Perjumpaan saya dengan kesenian menjadi penting. Setidaknya, saya merasa cara pandang sebagai seniman terhadap persoalan mampu membangkitkan imajinasi radikal tanpa batas sehingga kerap merefleksikan gambaran dunia dengan apa adanya. Saat ini saya mengamati dua arus besar dunia seni Indonesia. Seni pasar dan intelektual. Seni pasar sama sekali tidak menarik minat saya karena sejak kecil saya tumbuh dekat pasar, di mana omong kosong, jual beli dan negosiasi menjadi pemandangan sehari-hari lengkap dengan drama kaya mendadak dan simbol-simbol kesuksesan yang dipertontonkan dalam keseharian. Situasi seni yang saya jalani saat ini telah menciptakan perjumpaan-perjumpaan yang lebih eksplosif dari hanya sekedar ruang ‘steril’ galeri. Karena ada kecenderungan infrastruktur seni di Indonesia saat ini tumbuh seperti di Barat, memuseumkan, membendakan. Padahal ketika memasuki museum seni kontemporer, saya merasa sering dikerdilkan ketika berada di dalamnya. Pembacaan geopolitik yang selama ini saya pelajari ternyata semakin melebar sepanjang garis peta politik di permukaan bumi. Tarik menarik dan benturan ideologi terus terjadi sementara ancaman gunung berapi dan gempa bumi terjadi setiap hari (saat ini setidaknya terdapat 76 gunung berapi yang aktif di Indonesia), ditambah dengan potensi ‘letupan’ gerakan yang terus bergerilya di Timur bumi pertiwi. Rakyat Papua memanggul busur, panah dan senjata memperjuangkan kemerdekaan atas pendudukan Indonesia. Konflik dan ketegangan mewarnai kekayaan alam mereka yang terus dieksploitasi dengan brutal. Negara kembali melakukan kesalahan fatal dengan menerjunkan militer ke Tanah Papua, ceritanya tentu akan berbeda apabila lebih banyak mengirimkan seniman untuk bekerja disana.

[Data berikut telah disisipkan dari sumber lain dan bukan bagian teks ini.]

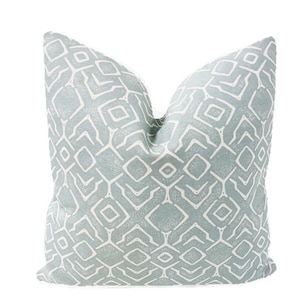 Pillow Cover,  Light Pale Batik Reverse in Cotton Pillow Cover, Decorative High End Custom Pillow Covers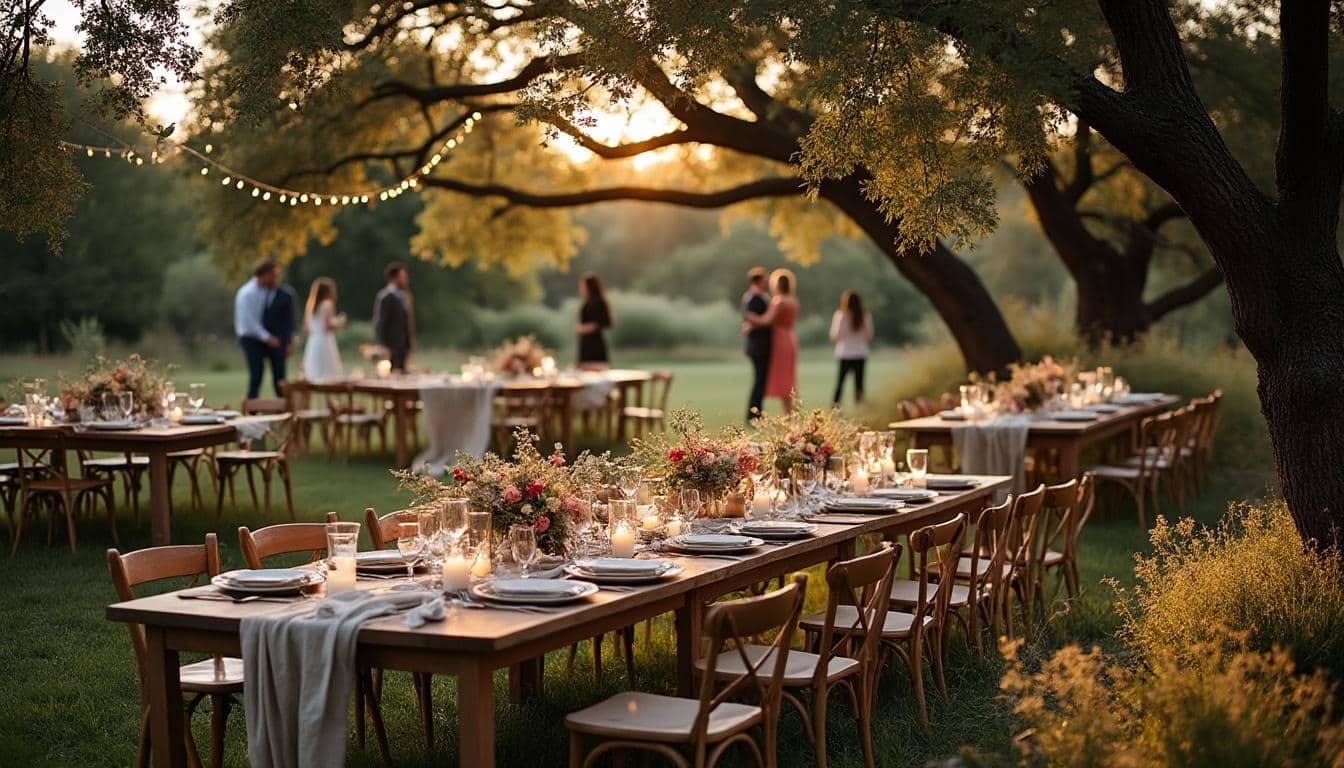 Illustration: Comprendre les spécificités de la décoration pour un mariage en plein air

Tempat Paling Mematikan di Bumi dan Langit yang Berwarna Pelangi
Dengan getir saya harus mengakui bahwa ternyata kawasan yang saya tinggali merupakan salah satu tempat paling mematikan di bumi. Karena dampak dari tumbukan ideologi dan bergesernya lempeng tektonik telah mengakibatkan begitu banyak tragedi kemanusiaan dan luka sejarah kelam. Ring of Fire, garis kerentanan yang membentang di sekitar lingkar Pasifik, selain menjanjikan sumber daya alam dan potensi ekonomi yang strategis, kawasan ini penuh gejolak baik secara geografis maupun politis yang terbentang dari masa perang dunia ke 2, perang dingin hingga era globalisasi saat ini. Di garis Asia Timur saja terdapat berbagai potensi konflik yang setiap saat mudah tersulut dan meledak. Ketegangan perbatasan wilayah di Laut Cina Selatan melibatkan perdebatan lebih dari 8 negara, konflik bangsa bersaudara antara Korea Utara dan Korea Selatan, segregasi yang kian melebar antara pekerja migran dengan warga setempat di ruang-ruang publik Taiwan, raksasa Cina yang telah membuat semua mata dunia melirik bukan hanya pada gemerlap ekonominya namun kebijakan politiknya yang agresif dan provokatif. Sementara diam-diam reaktor nuklir Fukushima bocor mencemari Samudera Pasifik. Semuanya terasa rumit seperti dulu waktu saya melihat seluruh kota yang tertutup abu. Untuk memulai langkah sepertinya saya harus kembali menggunakan faktor penting dalam peradaban yang sering dilupakan, yakni kekuatan kebudayaan. Setiap teriakan menginginkan perubahan semakin keras sehingga menjadi tidak lagi terdengar dengan jelas. Saya ingat cerita seorang teman yang percaya kekuatan sebuah ‘bisikan’, masuk ke dalam telinga secara perlahan lalu diterima oleh hati tanpa paksaan untuk membuat sebuah perubahan.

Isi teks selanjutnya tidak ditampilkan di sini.